MONTREAL -- For the last ten months, Dr. Earl Rubin has focused intently on developing infection control strategies and protocols for the Montreal Children’s Hospital to keep COVID-19 at bay.

The infectious diseases specialist knows how to protect himself and others - or so he thought until he caught the virus himself.

“I was shocked that I got infected. It was really a low-risk exposure and it really underlines to me that we know so little about this virus," said Rubin.

And while he would never have chosen to get this type of on-the-job-training, Rubin said his experience as a patient in a COVID unit gave him “a tremendous amount of insight.”

He recalls hearing the cries of others suffering in adjacent rooms and witnessed his colleagues in action, working non-stop to try and do whatever they could to help them.


To the best of his knowledge, the pediatrician says he could only have caught the virus from one particular colleague when they met during the holidays to do a “sign-over for clinical responsibilities.”

“My colleague was perfectly well when we did that, “ said Rubin, underscoring that “we don’t always know if someone’s infected, because they can be asymptomatic and still transmit.”

When he later retraced his steps using a measuring tape, he determined they had been sitting 1.7 metres apart in an office, just shy of the two metres recommended.

They both wore medical grade surgical masks and the meeting lasted about 30 minutes.

“We generally say something is a low-risk contact if we have masks if you’re greater than two metres apart and less than 15 minutes. So we didn’t fulfill all criteria but it was still considered a low-risk exposure,” the pediatric specialist said.

That night his colleague got sick. Her COVID-19 test came back positive, showing a high viral load which refers to the number of virus particles present once a person is infected.

People who have a high viral load may also shed more virus particles, making them more contagious.

But again, since it was still considered a low-risk exposure, Rubin followed hospital protocols that allowed him to continue to work, wearing protective equipment when required.

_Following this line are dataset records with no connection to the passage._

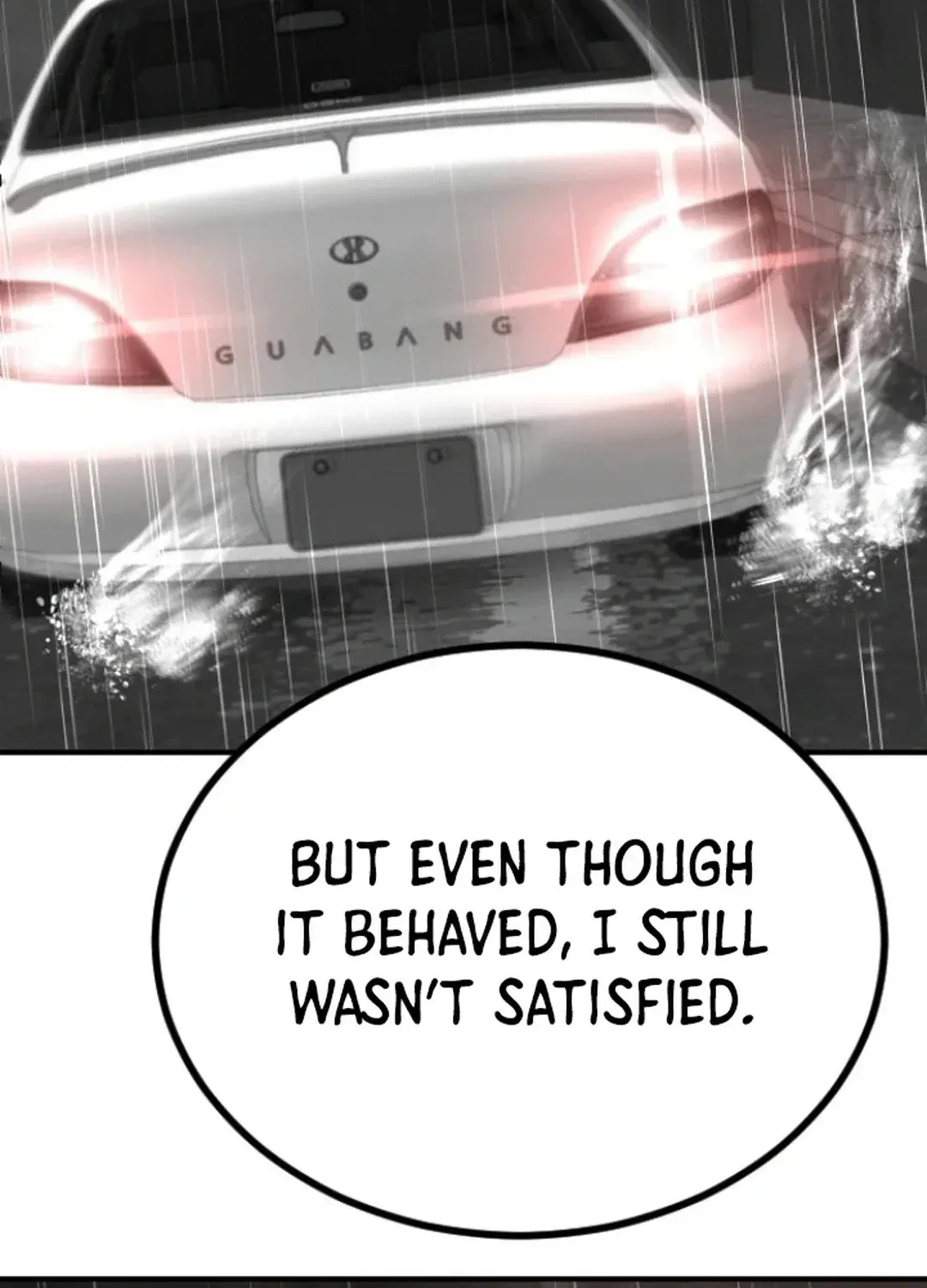 Skylight Radio Chapter 14 page 133 - 
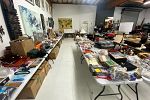 Sale Photo Thumbnail #15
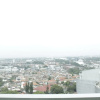 Отель Modern Chic Studio Apartment at Tamansari La Grande near BIP, фото 16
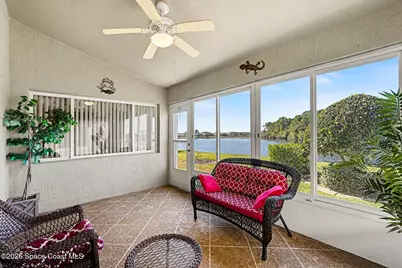 1635 Timacuan Drive, Melbourne, FL 32940 - Photo 19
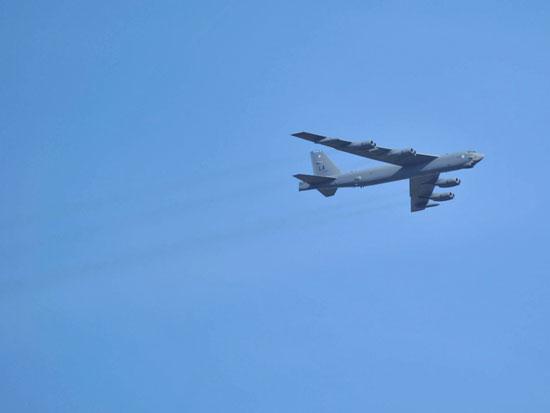 B-52ը.jpeg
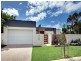 3 Meredith Drive, Broadbeach Waters QLD 4218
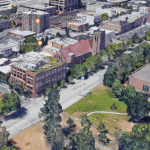 Screenshot 2019-09-29 at 9.49.52 PM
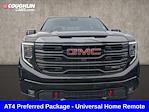 2024 GMC Sierra 1500 Crew Cab 4WD Pickup for sale #CV3877A - photo 5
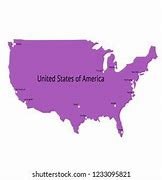 Image result for Old Maps United States of America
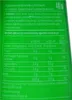 Concentré Sodastream 7up Boisson Gazeuse Rafraîchissante Voir les images du produit 27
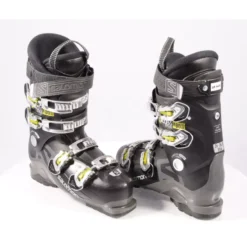 Chaussures Ski SALOMON X ACCESS R80 WIDE 2019, OVERSIZED Pivot, Micro, Macro -Atomic Shop Soldes chaussures ski salomon x access r80 wide 2019 oversized pivot micro macro.jpg 4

On day five post-contact he was tested - the result was negative. On day seven, he developed a fever. A second test also came back negative. But Dr. Rubin was isolating because he knew with a fever, and no other viruses circulating in the community, he checked every box for COVID-19.

On day nine, the results of a third test finally came back positive and confirmed his self-diagnosis.

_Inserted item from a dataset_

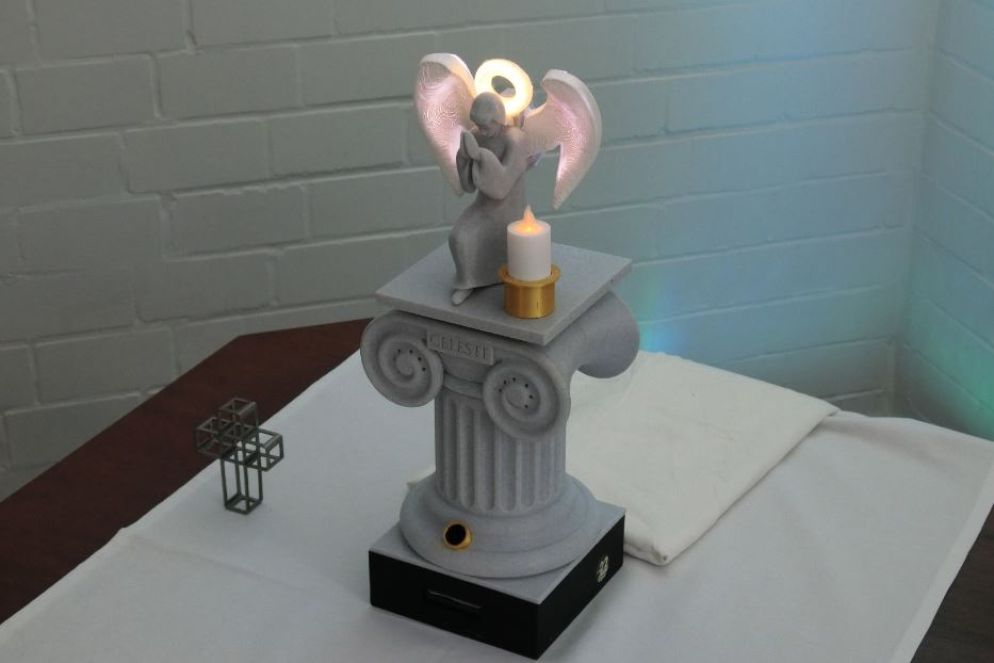 undefined - undefined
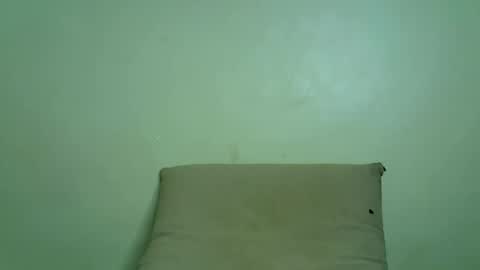 Jaz online show from October 22, 2025, 8:03 am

By then Rubin’s fever was higher and he was starting to feel very ill. He had gastrointestinal symptoms, a slight cough and difficulty breathing, and developed some chest pain. He had no energy and slept all the time.

The doctor also obtained a pulse-oximeter and watched his blood oxygen levels hover around and below normal measurements.

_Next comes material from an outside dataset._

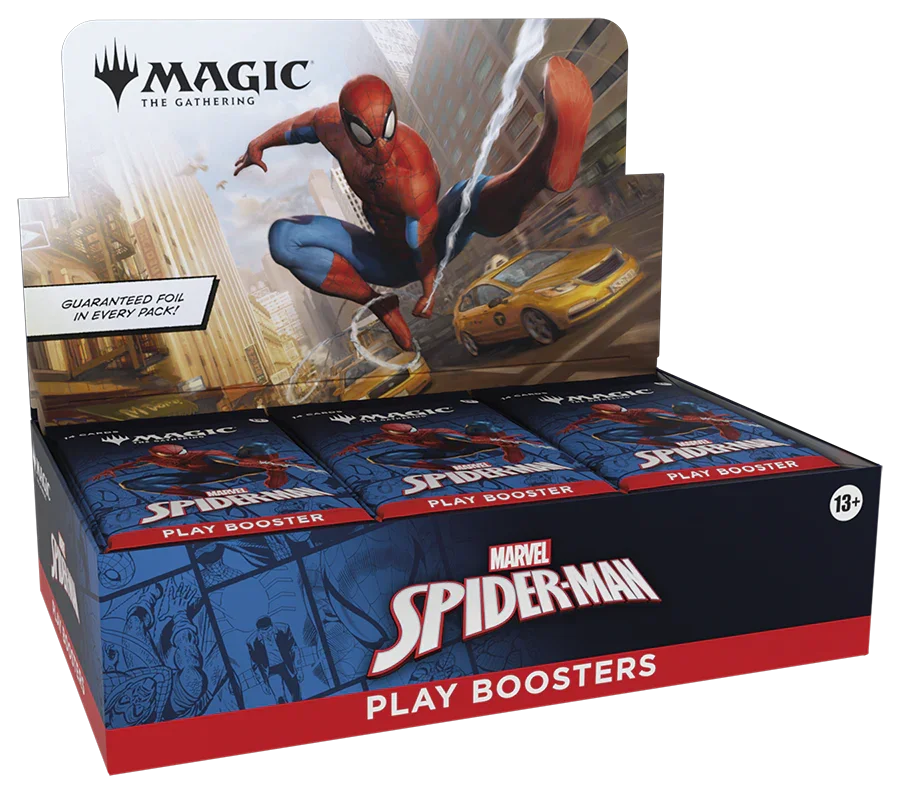 MTGSPM_EN_DspBx_Play_01_01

“A friend called it the covid-coaster for a reason. You don’t know what tomorrow will bring and that is the most difficult part,” said Rubin.

A friend who is also an infectious diseases colleague kept checking in, finally arranging a Zoom call with two other doctors so they could try and evaluate their friend’s condition online. 

“I was reluctant to go to the hospital but the next day she said enough is enough,” so heeding the expert advice, Dr. Rubin the patient went to the MUHC emergency room and was admitted to the hospital.

“As physicians, many of us are very good for our patients,” the specialist said, “ but we often don’t do for ourselves what we would do for others.”

Knowing that people with COVID-19 often get sicker around day 10, said Rubin, he acknowledges it was the right thing to do.

There were some amusing moments in the hospital. Rubin recounts how he had to try not to butt-in and administer his own care. Only once was he told by an emergency room doctor to “please sit down and not treat yourself,” after standing up to plug in his iPhone and setting off a series of beeps - that Rubin protested weren’t anything to worry about.

Treatment for the infectious diseases specialist, as for many other COVID-19 patients included steroids and the antiviral medication remdesivir. Rubin said he can’t say for certain either helped or if the illness simply ran its course.

The doctor, so accustomed to working in a hospital environment day-after-day for decades, was struck by the isolation COVID-19 patients have to endure when he heard an elderly woman who seemed to have dementia, crying out from an adjacent room.

“It’s heartbreaking for an elderly person who doesn’t really understand what’s going on,” said Rubin, especially in the crisis context when patients aren’t permitted to have any visitors.

In sharp contrast, Rubin was at least able to wave at his medical colleagues as they spoke to him by phone from the other side of the window as they passed through the COVID unit. 

He says he received exceptional care and though he thinks he’s always been sensitive to patients’ needs, “certainly after being a patient it does heighten that sensitivity and give you a different perspective.”


After spending five days in the hospital, Earl Rubin went back home to rest for a few days but is now back at work.

“I’m very grateful overall, and optimistic because I feel so much better,” he said, but he finds he is unusually tired at the end of a day and his capacity for any exercise is limited.

He hopes his remaining symptoms don't linger or worsen as they do in some post-COVID 

As he and others in his field try and keep up with all there is to discover about SARS-CoV-2, Dr. Rubin says he thinks the most important takeaway for him has been that “even when you think you are perfectly safe and even if you try to adhere to every guideline - unless you stay alone in a room, we’re still learning with time about transmissibility.”